Well, here’s some bad news for people who live in Belgium or the Netherlands and are excited to play Diablo Immortal, Blizzard’s upcoming free-to-play dungeon crawler out June 2 on PC and mobile devices. It turns out, due to local loot box laws, that Blizzard’s next action RPG won’t be released in either country.
And it seems unlikely that Blizzard will change the game soon to comply with these local laws, leaving affected players without many options.
As first reported by Dutch news site Tweakers, Activision Blizzard has quietly shifted its release plans with Diablo Immortal. The free RPG will not be available in Belgium or the Netherlands because of regulations and laws in those countries. A communications manager at the Call of Duty and Overwatch publisher confirmed with the outlet that the game won’t release in those previously listed nations on June 2 due to “current operating conditions in these countries.”
Over on the Diablo Immortal subreddit, a player shared a message from a Blizzard gamemaster that more explicitly explained that Immortal was skipping some countries because of laws against loot boxes.
“The loot boxes in the game are against the law in your country,” explained the Blizzard employee. “So unless the gambling restrictions change, the game will not be released in the Netherlands and Belgium.”
The same employee also explained that players could try to get around the restriction, but that could lead to a ban from Blizzard.
Read More: Loot Boxes Are Designed To Exploit Us
Kotaku contacted Activision Blizzard about Diablo Immortal’s loot boxes and release.
Making this a more frustrating situation for players is that Blizzard reportedly let folks in Belgium and the Netherlands pre-load the game ahead of its launch.
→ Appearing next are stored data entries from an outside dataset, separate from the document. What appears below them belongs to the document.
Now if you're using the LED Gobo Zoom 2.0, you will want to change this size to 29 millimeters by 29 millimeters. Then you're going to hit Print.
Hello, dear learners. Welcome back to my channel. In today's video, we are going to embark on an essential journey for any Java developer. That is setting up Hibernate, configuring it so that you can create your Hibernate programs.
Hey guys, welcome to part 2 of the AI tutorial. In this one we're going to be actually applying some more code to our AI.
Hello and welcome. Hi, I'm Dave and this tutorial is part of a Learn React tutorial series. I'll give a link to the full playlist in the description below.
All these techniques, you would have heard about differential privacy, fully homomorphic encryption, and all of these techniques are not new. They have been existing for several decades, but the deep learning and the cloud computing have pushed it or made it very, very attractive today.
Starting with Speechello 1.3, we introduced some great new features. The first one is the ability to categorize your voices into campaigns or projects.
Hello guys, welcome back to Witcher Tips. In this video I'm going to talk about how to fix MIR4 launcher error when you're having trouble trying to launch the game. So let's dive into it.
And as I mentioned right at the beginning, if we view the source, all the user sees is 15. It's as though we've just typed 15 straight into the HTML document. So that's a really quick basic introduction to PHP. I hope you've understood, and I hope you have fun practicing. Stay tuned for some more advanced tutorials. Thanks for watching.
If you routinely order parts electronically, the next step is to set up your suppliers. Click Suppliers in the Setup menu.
Tweakers reports that after the game’s release date was revealed, players in these countries could pre-load the game. However, a few days later the option was quietly removed.
Diablo Immortal isn’t the first game to run afoul of European anti-loot box and gambling laws.
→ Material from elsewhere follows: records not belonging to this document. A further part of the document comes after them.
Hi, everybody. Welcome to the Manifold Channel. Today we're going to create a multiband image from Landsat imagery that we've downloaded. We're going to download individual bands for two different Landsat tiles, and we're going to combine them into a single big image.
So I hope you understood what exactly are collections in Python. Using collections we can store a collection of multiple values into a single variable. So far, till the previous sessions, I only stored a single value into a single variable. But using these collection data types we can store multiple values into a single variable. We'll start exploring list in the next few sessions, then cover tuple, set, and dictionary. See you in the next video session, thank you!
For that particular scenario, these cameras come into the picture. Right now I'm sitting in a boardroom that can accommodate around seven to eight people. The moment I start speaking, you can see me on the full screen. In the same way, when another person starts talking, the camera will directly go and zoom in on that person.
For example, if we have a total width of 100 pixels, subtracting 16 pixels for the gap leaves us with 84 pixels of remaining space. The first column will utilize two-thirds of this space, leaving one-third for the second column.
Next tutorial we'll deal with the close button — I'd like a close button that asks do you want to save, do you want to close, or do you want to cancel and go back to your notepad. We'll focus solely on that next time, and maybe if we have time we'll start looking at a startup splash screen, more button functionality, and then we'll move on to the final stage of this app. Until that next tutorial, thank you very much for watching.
We’ve seen companies like EA face serious penalties for continuing to use loot boxes in places like the Netherlands and the UK. In response to the growing pressure on these purchasable random crates, some publishers have avoided releasing games in certain countries.
Other companies, like Rockstar, have disabled certain features related to gambling or in-game microtransactions depending on where you play. Some games, like Fortnite and Rocket League, have completely changed how their loot boxes work or just removed them entirely, which is a good thing considering how much these in-app purchases and stores are starting to just look and operate like casino slot machines, even in big $60 games.